Dataset excerpt:
════

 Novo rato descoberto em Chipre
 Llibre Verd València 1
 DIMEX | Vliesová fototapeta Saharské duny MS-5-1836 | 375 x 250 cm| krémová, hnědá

════

Please repeat the listing word for word.

 Novo rato descoberto em Chipre
 Llibre Verd València 1
 DIMEX | Vliesová fototapeta Saharské duny MS-5-1836 | 375 x 250 cm| krémová, hnědá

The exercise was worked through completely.